• [EXERCISE BRIEF]: Below are the entries. Transcribe exactly the lines from the one with "Kai Tu Molandi Hotel Hotel Overview" through the one with "Are You A Builder!", ends included, and leave out all others.

• [DATASET]:
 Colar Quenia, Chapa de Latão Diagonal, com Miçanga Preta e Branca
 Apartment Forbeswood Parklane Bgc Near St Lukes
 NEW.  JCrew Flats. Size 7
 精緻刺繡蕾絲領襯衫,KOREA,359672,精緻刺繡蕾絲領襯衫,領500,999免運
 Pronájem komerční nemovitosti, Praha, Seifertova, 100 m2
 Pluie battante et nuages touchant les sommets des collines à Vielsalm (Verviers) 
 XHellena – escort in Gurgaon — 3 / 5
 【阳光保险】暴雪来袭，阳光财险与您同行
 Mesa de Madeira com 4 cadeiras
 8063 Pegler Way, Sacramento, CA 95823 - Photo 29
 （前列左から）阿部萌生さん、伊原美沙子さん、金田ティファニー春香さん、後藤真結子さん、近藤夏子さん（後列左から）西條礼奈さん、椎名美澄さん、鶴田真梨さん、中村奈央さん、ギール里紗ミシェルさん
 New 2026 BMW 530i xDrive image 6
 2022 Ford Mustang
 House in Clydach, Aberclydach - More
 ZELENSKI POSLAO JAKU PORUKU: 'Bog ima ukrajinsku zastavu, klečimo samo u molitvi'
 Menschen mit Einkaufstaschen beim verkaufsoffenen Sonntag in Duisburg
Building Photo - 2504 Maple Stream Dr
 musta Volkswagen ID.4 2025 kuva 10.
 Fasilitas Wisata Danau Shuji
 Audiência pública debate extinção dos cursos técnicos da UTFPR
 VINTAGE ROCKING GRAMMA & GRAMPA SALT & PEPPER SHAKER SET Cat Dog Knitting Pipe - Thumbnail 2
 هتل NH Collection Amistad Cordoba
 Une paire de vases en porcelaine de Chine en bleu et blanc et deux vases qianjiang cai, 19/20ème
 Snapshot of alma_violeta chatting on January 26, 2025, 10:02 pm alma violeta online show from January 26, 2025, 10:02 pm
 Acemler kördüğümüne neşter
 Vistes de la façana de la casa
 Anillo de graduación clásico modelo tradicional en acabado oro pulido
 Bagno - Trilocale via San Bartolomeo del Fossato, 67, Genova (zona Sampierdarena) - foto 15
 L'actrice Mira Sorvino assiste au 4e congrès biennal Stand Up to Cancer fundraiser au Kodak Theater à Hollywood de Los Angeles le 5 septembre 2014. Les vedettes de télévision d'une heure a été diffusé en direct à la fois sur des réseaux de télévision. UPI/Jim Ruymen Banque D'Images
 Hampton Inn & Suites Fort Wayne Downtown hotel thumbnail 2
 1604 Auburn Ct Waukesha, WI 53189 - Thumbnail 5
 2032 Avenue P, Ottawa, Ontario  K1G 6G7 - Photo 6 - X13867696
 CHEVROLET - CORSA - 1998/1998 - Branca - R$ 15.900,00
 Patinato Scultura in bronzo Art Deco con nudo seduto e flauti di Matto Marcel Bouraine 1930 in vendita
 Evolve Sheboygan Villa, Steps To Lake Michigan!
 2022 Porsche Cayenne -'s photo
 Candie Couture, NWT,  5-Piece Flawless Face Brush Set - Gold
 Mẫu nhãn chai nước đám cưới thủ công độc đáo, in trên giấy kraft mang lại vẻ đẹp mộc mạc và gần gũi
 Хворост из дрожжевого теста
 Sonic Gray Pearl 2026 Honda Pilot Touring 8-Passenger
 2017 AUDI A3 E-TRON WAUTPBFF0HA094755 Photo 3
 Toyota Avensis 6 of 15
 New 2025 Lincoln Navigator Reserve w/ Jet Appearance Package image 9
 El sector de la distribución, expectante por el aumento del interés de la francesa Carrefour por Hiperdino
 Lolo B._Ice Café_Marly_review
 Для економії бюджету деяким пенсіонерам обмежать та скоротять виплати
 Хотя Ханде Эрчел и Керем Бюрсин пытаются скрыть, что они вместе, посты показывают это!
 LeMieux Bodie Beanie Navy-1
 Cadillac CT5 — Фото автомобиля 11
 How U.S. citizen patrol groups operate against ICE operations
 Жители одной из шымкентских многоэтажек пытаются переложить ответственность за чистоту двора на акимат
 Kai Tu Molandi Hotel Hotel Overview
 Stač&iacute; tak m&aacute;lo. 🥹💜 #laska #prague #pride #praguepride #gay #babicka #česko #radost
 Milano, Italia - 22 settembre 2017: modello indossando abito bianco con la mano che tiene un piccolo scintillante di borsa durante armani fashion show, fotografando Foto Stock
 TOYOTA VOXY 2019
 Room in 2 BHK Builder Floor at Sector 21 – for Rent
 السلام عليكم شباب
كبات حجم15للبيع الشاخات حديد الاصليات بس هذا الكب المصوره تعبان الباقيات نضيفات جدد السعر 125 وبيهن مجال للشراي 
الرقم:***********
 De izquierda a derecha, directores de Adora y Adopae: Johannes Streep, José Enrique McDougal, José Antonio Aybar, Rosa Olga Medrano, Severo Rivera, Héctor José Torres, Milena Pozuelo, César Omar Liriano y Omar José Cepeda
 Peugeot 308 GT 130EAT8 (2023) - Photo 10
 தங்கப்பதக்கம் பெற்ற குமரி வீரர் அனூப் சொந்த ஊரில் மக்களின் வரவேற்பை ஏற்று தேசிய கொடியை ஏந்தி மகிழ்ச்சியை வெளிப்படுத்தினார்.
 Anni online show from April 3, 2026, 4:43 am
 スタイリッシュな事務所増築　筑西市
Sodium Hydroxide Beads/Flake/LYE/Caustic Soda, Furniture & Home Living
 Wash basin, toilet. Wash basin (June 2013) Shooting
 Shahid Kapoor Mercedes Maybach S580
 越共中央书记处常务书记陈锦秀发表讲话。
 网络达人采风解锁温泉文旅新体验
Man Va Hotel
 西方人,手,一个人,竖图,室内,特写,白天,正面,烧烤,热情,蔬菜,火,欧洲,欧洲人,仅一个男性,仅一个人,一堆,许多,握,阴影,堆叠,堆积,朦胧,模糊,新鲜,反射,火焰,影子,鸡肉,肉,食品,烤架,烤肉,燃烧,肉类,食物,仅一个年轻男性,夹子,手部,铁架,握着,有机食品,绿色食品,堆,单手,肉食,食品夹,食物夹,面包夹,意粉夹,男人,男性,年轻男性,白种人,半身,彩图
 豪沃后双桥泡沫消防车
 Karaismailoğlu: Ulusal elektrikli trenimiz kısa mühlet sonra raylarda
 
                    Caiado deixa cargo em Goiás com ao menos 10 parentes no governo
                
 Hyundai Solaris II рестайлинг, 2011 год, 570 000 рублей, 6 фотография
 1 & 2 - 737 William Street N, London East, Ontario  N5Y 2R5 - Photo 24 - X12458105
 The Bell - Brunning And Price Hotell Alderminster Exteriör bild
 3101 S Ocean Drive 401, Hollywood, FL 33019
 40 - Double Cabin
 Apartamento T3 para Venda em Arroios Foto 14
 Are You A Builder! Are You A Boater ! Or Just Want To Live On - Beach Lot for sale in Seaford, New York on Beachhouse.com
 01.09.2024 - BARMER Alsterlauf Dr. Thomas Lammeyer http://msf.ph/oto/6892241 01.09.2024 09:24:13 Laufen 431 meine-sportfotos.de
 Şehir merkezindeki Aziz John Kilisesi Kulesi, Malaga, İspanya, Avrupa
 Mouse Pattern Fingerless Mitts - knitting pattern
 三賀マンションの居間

• [RESPONSE AREA]:
 Kai Tu Molandi Hotel Hotel Overview
 Stač&iacute; tak m&aacute;lo. 🥹💜 #laska #prague #pride #praguepride #gay #babicka #česko #radost
 Milano, Italia - 22 settembre 2017: modello indossando abito bianco con la mano che tiene un piccolo scintillante di borsa durante armani fashion show, fotografando Foto Stock
 TOYOTA VOXY 2019
 Room in 2 BHK Builder Floor at Sector 21 – for Rent
 السلام عليكم شباب
كبات حجم15للبيع الشاخات حديد الاصليات بس هذا الكب المصوره تعبان الباقيات نضيفات جدد السعر 125 وبيهن مجال للشراي 
الرقم:***********
 De izquierda a derecha, directores de Adora y Adopae: Johannes Streep, José Enrique McDougal, José Antonio Aybar, Rosa Olga Medrano, Severo Rivera, Héctor José Torres, Milena Pozuelo, César Omar Liriano y Omar José Cepeda
 Peugeot 308 GT 130EAT8 (2023) - Photo 10
 தங்கப்பதக்கம் பெற்ற குமரி வீரர் அனூப் சொந்த ஊரில் மக்களின் வரவேற்பை ஏற்று தேசிய கொடியை ஏந்தி மகிழ்ச்சியை வெளிப்படுத்தினார்.
 Anni online show from April 3, 2026, 4:43 am
 スタイリッシュな事務所増築　筑西市
Sodium Hydroxide Beads/Flake/LYE/Caustic Soda, Furniture & Home Living
 Wash basin, toilet. Wash basin (June 2013) Shooting
 Shahid Kapoor Mercedes Maybach S580
 越共中央书记处常务书记陈锦秀发表讲话。
 网络达人采风解锁温泉文旅新体验
Man Va Hotel
 西方人,手,一个人,竖图,室内,特写,白天,正面,烧烤,热情,蔬菜,火,欧洲,欧洲人,仅一个男性,仅一个人,一堆,许多,握,阴影,堆叠,堆积,朦胧,模糊,新鲜,反射,火焰,影子,鸡肉,肉,食品,烤架,烤肉,燃烧,肉类,食物,仅一个年轻男性,夹子,手部,铁架,握着,有机食品,绿色食品,堆,单手,肉食,食品夹,食物夹,面包夹,意粉夹,男人,男性,年轻男性,白种人,半身,彩图
 豪沃后双桥泡沫消防车
 Karaismailoğlu: Ulusal elektrikli trenimiz kısa mühlet sonra raylarda
 
                    Caiado deixa cargo em Goiás com ao menos 10 parentes no governo
                
 Hyundai Solaris II рестайлинг, 2011 год, 570 000 рублей, 6 фотография
 1 & 2 - 737 William Street N, London East, Ontario  N5Y 2R5 - Photo 24 - X12458105
 The Bell - Brunning And Price Hotell Alderminster Exteriör bild
 3101 S Ocean Drive 401, Hollywood, FL 33019
 40 - Double Cabin
 Apartamento T3 para Venda em Arroios Foto 14
 Are You A Builder! Are You A Boater ! Or Just Want To Live On - Beach Lot for sale in Seaford, New York on Beachhouse.com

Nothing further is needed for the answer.